The task: When you reach the line holding "Cardiac Pacemaker Implant", please begin to restate the lines word for word and continue through the last one in the material, excluding pictures.

Supplied data:
####################

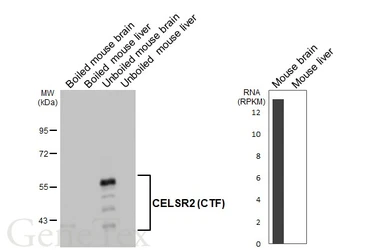 Anti-CELSR2 antibody [HL4484] used in Western Blot (WB). GTX644051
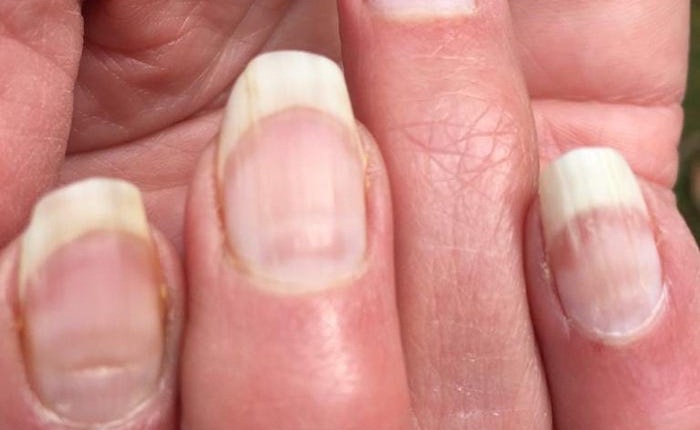 Nhiều bệnh nhân COVID-19 có vệt lõm này trên móng tay, liệu nó sẽ có ích trong việc sàng lọc bệnh?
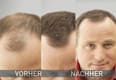 Streuhaar – Nr. 5 - 6 Medium Brown Cover Hair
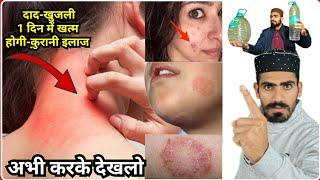 दाद खुजली खत्म करने के लिए सबसे शानदार वज़ीफ़ा_Very Strong Wazifa to Remove Fungal infection in Hindi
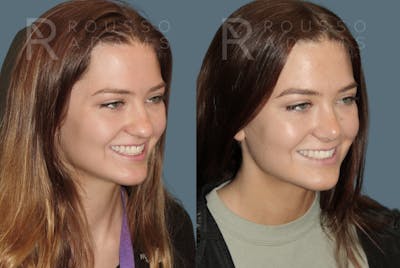 Rhinoplasty <span class=small>By Dr. Daniel Rousso</span> Before & After Gallery - Patient 149284000 - Image 4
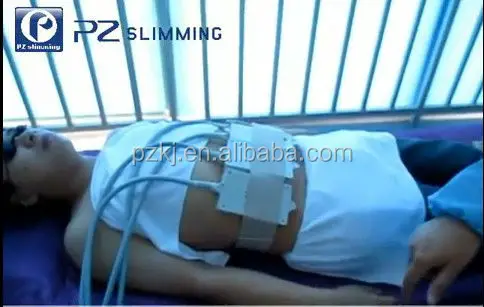 Caralluma posologia picture 2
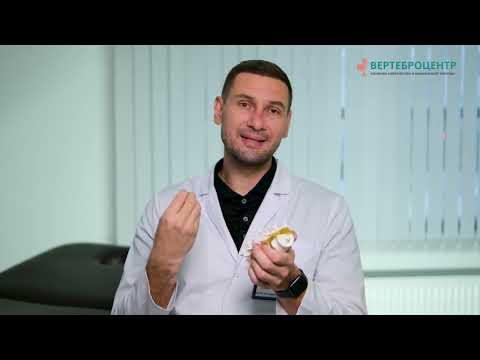 Видео: Спондилоартроз или фасет синдром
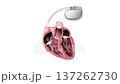 Cardiac Pacemaker Implant 3D Medical Illustration Showing Heart Anatomy with Leads and Implantable Pulse Generator 137262730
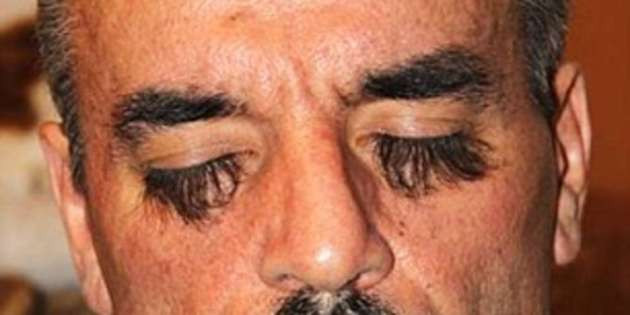 Dünyanın en uzun kirpikli insanı! - Resim: 3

####################

Problem solution:
 Cardiac Pacemaker Implant 3D Medical Illustration Showing Heart Anatomy with Leads and Implantable Pulse Generator 137262730
 Dünyanın en uzun kirpikli insanı! - Resim: 3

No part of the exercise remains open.